Activity |
Within the listing below, please copy exactly the lines between the line holding "Summer panorama of" and the line holding "how long to", inclusive.
====== Given records
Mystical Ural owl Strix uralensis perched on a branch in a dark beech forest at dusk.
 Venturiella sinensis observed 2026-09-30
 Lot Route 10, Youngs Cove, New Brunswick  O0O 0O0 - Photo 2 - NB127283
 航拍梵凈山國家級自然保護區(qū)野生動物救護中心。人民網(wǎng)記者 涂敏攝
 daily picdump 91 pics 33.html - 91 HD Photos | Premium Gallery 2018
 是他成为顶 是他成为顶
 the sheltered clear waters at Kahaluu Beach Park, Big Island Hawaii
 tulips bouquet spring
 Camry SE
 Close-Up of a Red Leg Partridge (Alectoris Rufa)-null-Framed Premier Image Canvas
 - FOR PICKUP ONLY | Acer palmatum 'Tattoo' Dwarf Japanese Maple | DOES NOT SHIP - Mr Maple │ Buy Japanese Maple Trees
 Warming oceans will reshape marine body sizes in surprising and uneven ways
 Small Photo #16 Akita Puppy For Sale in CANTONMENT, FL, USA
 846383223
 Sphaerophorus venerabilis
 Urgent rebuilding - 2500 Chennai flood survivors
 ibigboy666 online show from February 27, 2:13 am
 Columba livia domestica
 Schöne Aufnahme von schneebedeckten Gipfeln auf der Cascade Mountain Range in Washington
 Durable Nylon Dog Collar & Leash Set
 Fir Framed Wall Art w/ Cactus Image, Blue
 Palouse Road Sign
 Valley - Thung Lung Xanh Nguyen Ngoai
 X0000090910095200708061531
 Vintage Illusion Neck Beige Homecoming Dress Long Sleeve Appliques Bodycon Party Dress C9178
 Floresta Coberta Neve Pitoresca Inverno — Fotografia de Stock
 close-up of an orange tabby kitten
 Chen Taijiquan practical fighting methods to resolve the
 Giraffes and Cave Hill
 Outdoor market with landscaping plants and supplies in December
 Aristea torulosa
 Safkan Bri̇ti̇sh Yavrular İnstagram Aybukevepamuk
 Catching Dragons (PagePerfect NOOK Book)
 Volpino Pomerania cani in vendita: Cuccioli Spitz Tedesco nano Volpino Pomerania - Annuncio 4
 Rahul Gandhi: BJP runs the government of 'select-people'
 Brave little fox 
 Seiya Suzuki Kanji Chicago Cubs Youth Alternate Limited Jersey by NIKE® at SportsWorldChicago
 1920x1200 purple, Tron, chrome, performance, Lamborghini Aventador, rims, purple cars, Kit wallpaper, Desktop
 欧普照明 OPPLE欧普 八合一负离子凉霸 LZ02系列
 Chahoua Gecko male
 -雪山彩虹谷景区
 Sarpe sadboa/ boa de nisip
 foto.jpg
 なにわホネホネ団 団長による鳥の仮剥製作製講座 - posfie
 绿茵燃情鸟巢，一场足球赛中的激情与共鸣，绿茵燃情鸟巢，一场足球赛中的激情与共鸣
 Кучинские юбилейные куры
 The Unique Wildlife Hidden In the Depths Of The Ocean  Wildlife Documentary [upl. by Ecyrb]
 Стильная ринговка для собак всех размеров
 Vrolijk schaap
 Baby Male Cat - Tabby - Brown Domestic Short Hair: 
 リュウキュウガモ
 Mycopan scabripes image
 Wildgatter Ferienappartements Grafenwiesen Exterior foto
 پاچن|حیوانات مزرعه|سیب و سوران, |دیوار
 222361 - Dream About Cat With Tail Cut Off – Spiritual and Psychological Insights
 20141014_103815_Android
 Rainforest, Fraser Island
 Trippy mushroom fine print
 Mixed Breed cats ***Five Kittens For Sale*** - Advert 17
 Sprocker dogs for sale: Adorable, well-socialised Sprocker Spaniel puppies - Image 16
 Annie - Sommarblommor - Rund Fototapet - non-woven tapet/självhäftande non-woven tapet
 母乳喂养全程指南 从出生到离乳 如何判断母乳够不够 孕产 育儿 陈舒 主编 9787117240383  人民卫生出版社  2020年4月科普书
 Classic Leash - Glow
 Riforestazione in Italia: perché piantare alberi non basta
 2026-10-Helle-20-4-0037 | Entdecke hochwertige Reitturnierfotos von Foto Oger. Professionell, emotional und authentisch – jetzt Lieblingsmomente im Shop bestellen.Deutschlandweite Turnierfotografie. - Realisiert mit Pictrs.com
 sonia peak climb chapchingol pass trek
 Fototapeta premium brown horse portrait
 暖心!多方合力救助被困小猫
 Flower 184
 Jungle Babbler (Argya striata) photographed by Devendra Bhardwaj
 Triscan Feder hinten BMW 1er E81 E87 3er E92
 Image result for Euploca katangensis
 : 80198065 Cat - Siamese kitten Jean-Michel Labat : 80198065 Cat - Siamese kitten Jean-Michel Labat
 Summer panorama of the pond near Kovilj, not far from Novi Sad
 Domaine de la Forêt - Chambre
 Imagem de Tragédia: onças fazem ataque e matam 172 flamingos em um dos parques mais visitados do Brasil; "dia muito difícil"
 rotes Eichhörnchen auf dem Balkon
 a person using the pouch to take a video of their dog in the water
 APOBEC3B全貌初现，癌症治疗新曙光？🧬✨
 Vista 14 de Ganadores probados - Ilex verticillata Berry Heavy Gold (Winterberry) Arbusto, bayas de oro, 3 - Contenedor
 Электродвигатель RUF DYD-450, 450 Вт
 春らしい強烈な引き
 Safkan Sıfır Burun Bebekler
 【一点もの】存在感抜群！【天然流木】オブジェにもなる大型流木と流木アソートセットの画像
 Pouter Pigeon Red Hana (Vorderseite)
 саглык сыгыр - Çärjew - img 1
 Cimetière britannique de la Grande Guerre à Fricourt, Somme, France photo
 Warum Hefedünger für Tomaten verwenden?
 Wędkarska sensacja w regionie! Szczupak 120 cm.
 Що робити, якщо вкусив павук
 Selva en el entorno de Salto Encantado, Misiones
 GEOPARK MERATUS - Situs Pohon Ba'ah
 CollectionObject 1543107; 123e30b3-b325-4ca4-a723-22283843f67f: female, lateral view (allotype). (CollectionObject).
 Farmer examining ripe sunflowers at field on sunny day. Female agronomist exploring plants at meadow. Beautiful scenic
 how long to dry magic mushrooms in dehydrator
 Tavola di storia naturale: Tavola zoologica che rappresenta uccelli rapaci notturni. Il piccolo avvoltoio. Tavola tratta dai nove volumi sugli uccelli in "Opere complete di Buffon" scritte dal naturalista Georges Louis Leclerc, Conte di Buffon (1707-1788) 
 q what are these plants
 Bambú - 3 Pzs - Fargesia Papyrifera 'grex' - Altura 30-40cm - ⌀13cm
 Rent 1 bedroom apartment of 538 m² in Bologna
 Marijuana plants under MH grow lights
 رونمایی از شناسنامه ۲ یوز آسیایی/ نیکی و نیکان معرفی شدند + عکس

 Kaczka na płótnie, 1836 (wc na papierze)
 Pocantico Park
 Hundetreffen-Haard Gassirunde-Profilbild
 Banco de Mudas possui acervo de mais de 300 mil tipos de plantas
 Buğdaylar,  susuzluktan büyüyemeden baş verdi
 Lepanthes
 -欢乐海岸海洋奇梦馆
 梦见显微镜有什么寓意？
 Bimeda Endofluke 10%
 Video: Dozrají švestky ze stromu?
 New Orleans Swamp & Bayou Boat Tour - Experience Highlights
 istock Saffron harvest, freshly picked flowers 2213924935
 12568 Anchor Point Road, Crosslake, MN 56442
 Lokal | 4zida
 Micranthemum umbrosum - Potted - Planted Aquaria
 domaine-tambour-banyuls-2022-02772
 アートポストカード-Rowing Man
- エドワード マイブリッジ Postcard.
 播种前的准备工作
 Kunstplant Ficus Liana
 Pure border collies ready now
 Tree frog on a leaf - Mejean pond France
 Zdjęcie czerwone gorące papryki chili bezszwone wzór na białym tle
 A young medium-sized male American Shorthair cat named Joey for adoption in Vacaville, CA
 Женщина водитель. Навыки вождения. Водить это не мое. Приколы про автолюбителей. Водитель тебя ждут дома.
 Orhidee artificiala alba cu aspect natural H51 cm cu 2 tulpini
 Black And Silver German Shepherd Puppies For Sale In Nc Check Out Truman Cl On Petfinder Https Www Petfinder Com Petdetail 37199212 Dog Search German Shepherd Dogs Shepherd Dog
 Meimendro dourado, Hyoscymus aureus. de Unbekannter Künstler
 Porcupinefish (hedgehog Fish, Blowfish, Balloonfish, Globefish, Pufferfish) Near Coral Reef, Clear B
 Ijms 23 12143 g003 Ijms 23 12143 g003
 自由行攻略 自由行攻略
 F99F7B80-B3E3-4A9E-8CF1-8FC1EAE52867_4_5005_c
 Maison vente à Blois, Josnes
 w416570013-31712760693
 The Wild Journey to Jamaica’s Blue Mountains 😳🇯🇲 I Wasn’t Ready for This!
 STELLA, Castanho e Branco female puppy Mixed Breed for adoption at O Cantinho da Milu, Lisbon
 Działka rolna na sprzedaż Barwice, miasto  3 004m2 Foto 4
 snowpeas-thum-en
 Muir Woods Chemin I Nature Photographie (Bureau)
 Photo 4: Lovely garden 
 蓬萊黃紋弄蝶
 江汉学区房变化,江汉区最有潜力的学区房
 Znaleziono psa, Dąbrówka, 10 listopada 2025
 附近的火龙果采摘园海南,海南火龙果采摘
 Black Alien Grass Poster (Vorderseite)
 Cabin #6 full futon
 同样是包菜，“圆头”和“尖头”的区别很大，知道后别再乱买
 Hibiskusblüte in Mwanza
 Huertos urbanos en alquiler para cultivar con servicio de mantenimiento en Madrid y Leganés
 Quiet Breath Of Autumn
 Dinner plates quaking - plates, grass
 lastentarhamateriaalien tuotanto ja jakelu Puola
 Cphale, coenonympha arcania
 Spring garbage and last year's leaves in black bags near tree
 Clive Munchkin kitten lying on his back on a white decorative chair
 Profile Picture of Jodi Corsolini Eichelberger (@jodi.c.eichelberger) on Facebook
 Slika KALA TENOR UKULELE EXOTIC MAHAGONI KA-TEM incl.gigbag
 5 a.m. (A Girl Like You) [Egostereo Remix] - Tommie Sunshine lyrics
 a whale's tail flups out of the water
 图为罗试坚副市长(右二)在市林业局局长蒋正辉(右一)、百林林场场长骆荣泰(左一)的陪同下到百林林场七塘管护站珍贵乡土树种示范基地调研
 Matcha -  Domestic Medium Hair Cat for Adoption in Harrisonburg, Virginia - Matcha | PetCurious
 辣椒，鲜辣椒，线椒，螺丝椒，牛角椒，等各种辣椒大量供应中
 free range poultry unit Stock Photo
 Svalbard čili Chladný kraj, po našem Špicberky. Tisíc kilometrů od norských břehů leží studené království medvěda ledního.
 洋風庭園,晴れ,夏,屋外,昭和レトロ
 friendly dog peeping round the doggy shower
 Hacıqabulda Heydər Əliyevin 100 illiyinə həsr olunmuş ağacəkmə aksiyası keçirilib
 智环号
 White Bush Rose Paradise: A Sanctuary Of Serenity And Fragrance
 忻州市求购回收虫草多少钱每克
============
Completed exercise |
 Summer panorama of the pond near Kovilj, not far from Novi Sad
 Domaine de la Forêt - Chambre
 Imagem de Tragédia: onças fazem ataque e matam 172 flamingos em um dos parques mais visitados do Brasil; "dia muito difícil"
 rotes Eichhörnchen auf dem Balkon
 a person using the pouch to take a video of their dog in the water
 APOBEC3B全貌初现，癌症治疗新曙光？🧬✨
 Vista 14 de Ganadores probados - Ilex verticillata Berry Heavy Gold (Winterberry) Arbusto, bayas de oro, 3 - Contenedor
 Электродвигатель RUF DYD-450, 450 Вт
 春らしい強烈な引き
 Safkan Sıfır Burun Bebekler
 【一点もの】存在感抜群！【天然流木】オブジェにもなる大型流木と流木アソートセットの画像
 Pouter Pigeon Red Hana (Vorderseite)
 саглык сыгыр - Çärjew - img 1
 Cimetière britannique de la Grande Guerre à Fricourt, Somme, France photo
 Warum Hefedünger für Tomaten verwenden?
 Wędkarska sensacja w regionie! Szczupak 120 cm.
 Що робити, якщо вкусив павук
 Selva en el entorno de Salto Encantado, Misiones
 GEOPARK MERATUS - Situs Pohon Ba'ah
 CollectionObject 1543107; 123e30b3-b325-4ca4-a723-22283843f67f: female, lateral view (allotype). (CollectionObject).
 Farmer examining ripe sunflowers at field on sunny day. Female agronomist exploring plants at meadow. Beautiful scenic
 how long to dry magic mushrooms in dehydrator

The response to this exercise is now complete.